◆ EXERCISE AIM ◆
Restate verbatim the span of lines below between the line with "A small handmade" and the line with "3139 Point St, North", including those two lines, and only that span.

◆ RECORDS TO USE ◆
-------------------------
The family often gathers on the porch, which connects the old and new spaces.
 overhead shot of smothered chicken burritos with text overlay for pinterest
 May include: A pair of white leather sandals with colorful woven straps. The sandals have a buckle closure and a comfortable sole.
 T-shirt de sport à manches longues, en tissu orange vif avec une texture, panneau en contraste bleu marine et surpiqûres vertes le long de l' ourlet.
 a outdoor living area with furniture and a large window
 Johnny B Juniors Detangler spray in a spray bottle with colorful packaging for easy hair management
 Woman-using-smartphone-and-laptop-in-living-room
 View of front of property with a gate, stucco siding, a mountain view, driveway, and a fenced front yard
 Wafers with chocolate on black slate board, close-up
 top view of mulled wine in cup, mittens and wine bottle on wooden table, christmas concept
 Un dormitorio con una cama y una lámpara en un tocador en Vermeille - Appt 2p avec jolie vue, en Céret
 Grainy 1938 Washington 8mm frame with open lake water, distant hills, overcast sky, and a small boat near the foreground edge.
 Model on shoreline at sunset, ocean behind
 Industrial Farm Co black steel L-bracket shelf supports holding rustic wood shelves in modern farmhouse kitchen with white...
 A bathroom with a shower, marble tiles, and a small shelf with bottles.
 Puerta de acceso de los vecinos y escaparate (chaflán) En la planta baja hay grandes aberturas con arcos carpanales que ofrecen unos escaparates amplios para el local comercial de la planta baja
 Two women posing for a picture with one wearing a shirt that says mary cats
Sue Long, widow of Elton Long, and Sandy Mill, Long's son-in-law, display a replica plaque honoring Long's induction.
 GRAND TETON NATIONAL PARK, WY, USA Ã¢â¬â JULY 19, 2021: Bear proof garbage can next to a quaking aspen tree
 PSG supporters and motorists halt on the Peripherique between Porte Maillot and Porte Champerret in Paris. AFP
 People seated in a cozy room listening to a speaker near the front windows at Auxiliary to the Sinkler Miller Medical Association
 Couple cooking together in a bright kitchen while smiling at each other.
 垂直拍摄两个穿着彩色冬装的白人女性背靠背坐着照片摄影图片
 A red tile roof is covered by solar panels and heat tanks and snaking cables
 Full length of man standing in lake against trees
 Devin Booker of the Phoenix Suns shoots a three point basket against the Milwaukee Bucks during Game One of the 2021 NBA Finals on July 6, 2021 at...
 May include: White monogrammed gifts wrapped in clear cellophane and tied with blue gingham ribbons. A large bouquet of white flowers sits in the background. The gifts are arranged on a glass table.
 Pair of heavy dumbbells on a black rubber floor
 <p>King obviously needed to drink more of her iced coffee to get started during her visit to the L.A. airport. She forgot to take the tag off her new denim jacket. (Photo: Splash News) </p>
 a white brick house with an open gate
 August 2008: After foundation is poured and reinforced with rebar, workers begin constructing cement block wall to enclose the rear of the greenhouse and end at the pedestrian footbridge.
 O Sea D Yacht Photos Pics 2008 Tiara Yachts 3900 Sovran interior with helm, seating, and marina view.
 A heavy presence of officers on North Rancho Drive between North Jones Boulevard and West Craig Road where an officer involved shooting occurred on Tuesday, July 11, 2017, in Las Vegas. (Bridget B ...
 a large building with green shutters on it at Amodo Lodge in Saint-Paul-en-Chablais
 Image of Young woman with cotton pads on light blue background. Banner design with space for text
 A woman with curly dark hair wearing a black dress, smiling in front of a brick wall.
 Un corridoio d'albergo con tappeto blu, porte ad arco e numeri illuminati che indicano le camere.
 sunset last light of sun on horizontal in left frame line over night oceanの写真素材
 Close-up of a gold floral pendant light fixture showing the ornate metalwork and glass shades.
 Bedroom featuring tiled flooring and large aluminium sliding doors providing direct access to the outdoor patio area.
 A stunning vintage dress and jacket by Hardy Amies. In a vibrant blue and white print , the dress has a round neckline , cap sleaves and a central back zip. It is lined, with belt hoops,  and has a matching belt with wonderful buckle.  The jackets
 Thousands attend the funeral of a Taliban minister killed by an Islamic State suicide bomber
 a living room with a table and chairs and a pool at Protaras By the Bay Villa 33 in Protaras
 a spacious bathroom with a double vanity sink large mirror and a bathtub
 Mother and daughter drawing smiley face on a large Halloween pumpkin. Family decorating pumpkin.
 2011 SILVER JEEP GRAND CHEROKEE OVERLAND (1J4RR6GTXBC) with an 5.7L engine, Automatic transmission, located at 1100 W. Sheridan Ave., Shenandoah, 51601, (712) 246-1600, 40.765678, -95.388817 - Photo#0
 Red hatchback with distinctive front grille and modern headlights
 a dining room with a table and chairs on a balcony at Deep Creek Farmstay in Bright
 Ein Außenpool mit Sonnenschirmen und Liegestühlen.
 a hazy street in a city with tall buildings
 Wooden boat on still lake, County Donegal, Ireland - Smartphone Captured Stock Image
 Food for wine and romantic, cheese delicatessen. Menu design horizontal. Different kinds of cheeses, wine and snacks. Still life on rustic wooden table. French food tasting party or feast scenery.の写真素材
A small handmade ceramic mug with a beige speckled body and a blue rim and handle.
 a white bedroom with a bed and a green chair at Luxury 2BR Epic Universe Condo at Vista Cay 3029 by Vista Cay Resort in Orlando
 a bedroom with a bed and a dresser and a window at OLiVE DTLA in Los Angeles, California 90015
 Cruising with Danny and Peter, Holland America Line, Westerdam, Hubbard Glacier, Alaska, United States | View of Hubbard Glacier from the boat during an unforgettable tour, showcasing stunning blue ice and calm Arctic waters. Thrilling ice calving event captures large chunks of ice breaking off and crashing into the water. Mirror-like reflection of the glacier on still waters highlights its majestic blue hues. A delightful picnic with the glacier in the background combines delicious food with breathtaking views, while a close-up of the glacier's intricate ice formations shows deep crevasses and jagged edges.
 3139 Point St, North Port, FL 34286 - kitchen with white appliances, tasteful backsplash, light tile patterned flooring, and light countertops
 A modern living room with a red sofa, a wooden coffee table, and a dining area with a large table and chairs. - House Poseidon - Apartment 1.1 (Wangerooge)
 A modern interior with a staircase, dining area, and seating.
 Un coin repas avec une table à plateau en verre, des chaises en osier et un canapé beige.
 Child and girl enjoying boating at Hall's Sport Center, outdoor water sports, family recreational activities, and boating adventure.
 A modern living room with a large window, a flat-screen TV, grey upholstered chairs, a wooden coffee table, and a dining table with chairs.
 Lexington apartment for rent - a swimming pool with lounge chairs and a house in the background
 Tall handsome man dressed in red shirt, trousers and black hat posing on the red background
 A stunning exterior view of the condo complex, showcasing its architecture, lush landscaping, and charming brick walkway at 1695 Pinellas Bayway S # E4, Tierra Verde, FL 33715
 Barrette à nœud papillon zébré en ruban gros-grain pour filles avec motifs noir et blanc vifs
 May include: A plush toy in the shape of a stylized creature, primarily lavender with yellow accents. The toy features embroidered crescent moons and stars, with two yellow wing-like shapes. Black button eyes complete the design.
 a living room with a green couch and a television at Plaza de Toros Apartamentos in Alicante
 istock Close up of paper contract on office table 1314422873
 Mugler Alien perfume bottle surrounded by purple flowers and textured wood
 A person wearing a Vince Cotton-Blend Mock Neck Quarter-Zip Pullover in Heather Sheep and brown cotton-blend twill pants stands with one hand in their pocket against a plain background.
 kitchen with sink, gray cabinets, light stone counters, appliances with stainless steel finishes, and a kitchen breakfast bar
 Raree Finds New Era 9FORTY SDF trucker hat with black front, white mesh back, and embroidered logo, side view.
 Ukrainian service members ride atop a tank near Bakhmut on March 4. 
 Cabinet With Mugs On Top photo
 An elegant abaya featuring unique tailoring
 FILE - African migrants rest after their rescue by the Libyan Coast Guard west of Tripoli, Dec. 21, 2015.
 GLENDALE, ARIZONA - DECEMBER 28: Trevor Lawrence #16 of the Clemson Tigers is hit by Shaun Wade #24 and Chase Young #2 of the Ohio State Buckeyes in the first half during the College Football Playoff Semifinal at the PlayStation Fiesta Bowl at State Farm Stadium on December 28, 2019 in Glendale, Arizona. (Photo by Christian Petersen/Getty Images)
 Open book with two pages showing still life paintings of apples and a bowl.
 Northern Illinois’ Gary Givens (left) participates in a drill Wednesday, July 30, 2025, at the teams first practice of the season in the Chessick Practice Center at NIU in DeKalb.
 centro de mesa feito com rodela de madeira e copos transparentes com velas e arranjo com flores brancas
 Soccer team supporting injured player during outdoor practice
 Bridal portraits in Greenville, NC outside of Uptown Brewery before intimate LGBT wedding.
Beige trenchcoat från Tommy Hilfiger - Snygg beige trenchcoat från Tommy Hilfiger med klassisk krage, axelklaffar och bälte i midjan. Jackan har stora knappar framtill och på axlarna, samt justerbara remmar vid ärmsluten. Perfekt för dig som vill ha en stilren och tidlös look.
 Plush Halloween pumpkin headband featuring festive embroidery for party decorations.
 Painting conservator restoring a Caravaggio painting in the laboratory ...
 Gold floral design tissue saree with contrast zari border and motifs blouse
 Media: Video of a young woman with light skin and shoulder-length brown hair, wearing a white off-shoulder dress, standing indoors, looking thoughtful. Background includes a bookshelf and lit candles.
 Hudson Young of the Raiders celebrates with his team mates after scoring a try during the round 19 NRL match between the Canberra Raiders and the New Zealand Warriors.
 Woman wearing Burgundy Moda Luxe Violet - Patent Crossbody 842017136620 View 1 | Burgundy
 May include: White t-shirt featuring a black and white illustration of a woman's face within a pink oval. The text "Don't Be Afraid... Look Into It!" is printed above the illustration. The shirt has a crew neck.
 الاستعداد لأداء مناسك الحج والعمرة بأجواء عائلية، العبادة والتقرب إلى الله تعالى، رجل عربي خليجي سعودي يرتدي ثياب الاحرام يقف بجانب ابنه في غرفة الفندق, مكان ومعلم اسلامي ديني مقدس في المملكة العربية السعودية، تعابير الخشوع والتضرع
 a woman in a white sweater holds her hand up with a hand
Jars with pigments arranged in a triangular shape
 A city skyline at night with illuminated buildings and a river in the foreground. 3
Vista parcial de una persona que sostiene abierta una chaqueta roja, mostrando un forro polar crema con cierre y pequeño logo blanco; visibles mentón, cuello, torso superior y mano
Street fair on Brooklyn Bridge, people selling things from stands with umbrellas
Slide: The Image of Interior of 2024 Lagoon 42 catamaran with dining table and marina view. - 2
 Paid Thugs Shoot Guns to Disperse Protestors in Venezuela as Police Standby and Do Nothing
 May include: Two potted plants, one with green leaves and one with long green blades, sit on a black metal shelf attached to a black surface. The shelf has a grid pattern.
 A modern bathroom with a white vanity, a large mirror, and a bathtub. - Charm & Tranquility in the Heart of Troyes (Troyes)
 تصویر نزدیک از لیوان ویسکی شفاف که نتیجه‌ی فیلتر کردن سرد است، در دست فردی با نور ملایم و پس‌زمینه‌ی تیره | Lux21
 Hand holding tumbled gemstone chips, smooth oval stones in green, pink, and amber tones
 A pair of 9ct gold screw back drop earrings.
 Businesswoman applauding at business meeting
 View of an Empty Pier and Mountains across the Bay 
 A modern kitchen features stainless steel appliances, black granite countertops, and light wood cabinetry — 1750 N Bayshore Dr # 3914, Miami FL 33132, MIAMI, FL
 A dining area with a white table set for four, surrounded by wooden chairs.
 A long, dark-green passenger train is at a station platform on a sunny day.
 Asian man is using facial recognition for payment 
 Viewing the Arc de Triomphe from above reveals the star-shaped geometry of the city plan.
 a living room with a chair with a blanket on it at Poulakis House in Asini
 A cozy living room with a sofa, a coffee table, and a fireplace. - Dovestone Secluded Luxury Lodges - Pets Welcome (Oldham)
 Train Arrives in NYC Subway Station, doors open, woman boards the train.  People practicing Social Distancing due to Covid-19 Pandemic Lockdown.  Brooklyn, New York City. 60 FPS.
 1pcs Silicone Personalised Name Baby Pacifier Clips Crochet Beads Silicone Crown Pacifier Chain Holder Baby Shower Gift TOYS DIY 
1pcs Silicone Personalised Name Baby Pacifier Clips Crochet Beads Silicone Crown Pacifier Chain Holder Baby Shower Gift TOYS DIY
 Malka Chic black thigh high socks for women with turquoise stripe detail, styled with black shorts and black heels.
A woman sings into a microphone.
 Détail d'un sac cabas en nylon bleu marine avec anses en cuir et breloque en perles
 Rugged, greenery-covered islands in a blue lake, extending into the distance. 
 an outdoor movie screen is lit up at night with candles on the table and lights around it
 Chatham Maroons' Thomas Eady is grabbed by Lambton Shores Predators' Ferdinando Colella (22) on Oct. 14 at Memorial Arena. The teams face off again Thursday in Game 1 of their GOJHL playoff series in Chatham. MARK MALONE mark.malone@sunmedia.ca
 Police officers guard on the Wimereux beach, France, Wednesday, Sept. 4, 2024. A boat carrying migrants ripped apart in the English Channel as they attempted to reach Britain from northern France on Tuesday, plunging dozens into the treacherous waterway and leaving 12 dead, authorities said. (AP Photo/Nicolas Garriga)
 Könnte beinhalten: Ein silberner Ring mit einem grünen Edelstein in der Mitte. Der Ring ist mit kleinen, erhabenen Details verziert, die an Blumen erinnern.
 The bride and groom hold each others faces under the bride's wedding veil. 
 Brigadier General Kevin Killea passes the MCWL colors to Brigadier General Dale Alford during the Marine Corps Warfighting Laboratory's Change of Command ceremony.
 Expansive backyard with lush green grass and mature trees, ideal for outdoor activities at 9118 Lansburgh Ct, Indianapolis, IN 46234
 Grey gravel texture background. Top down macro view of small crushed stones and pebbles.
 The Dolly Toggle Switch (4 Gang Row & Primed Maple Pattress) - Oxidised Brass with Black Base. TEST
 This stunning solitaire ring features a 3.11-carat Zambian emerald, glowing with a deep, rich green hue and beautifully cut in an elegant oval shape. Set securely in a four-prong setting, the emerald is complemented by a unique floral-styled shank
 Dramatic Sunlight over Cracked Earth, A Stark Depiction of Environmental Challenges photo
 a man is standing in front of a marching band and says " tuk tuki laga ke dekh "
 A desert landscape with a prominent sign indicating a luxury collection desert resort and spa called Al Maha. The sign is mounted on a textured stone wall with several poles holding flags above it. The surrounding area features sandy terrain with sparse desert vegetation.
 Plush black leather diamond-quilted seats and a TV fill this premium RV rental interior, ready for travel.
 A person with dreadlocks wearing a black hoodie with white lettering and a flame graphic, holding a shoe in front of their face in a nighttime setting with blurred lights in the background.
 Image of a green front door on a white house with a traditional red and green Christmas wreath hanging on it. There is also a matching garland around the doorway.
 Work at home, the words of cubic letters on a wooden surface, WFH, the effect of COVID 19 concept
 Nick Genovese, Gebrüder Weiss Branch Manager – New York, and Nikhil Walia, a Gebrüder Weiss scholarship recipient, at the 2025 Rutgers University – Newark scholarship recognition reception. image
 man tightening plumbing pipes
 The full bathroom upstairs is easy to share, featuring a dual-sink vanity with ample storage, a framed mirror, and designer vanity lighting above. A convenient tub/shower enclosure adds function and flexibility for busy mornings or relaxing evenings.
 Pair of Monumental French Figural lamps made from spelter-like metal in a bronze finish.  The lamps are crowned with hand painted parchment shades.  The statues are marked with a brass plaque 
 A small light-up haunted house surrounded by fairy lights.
-------------------------
◆ RESULT OF THIS TASK ◆
A small handmade ceramic mug with a beige speckled body and a blue rim and handle.
 a white bedroom with a bed and a green chair at Luxury 2BR Epic Universe Condo at Vista Cay 3029 by Vista Cay Resort in Orlando
 a bedroom with a bed and a dresser and a window at OLiVE DTLA in Los Angeles, California 90015
 Cruising with Danny and Peter, Holland America Line, Westerdam, Hubbard Glacier, Alaska, United States | View of Hubbard Glacier from the boat during an unforgettable tour, showcasing stunning blue ice and calm Arctic waters. Thrilling ice calving event captures large chunks of ice breaking off and crashing into the water. Mirror-like reflection of the glacier on still waters highlights its majestic blue hues. A delightful picnic with the glacier in the background combines delicious food with breathtaking views, while a close-up of the glacier's intricate ice formations shows deep crevasses and jagged edges.
 3139 Point St, North Port, FL 34286 - kitchen with white appliances, tasteful backsplash, light tile patterned flooring, and light countertops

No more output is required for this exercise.